We are noticing a lot lately that we are finding ourselves in situations where we can be a link or a bridge that helps people in tough situations. Putting people together who can help one another, going alongside someone for a period in a complex situation, speaking kindness or peace where there’s been sorrow.

This is the bread and butter of grassroots community transformation because first it connects people. It feels as though people are losing many of the traditional means by which they would connect – here in Cirencester, all the working men’s clubs and workplace sports and social clubs have closed down. Folks simply don’t have the money to go out eating and drinking, and the churches don’t offer much that fills this gap.  Some of the charities have stopped some of their outreach  activity because it became oversubscribed and they were inundated and couldn’t afford to keep going. So places and means by which people can connect with one another are hugely important to the good health and wellbeing of an area, and for us this is part of what we mean by the Kingdom of Heaven. We try and offer this at the Upper Room and on trips and in group activities.

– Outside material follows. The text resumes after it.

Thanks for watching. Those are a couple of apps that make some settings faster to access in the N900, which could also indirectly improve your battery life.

I’ve just come across the work of Margaret Wheatley and am blown away by her book

Turning To One Another.

I don’t know if I’ve ever read a more powerful book about human relationships in community development. And it is the simplest to read too – like an easy read version of Laurie Green’s Lets Do Theology! She raises a series of questions to discuss, conversation starters designed to restore confidence in our fellow humans and galvanise action for the common good. Read it – it will restore your flagging energy!!

One of the brilliant things she reminds us of is the importance of time and space to think and reflect, to pause and dream as a way of processing the world around us. She says: As the world speeds up, we’re giving away these wonderful human capacities. Do you have as much time to think as you did a year ago? …If you pause for a moment and see what we’re losing as we speed up, I can’t imagine we would continue with this bargain. We’re forfeiting the very things that make us human…I hope we’ll be brave enough to slow things  down.”

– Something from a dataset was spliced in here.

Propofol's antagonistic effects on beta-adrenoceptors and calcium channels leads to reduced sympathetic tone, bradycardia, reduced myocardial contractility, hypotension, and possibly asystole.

This interests me as we journey with people who by and large have not been able to keep up with this frenzied pace of life, and they feel life is passing them by and they have  nothing to offer. And yet, they have the unique wisdom that comes from suffering, and from questioning. They have been the best teachers I’ve ever met, and have survived incredible tragedy and struggle with such dignity. Humans are the building blocks of life  and  this book restores their wisdom to the centre of community life.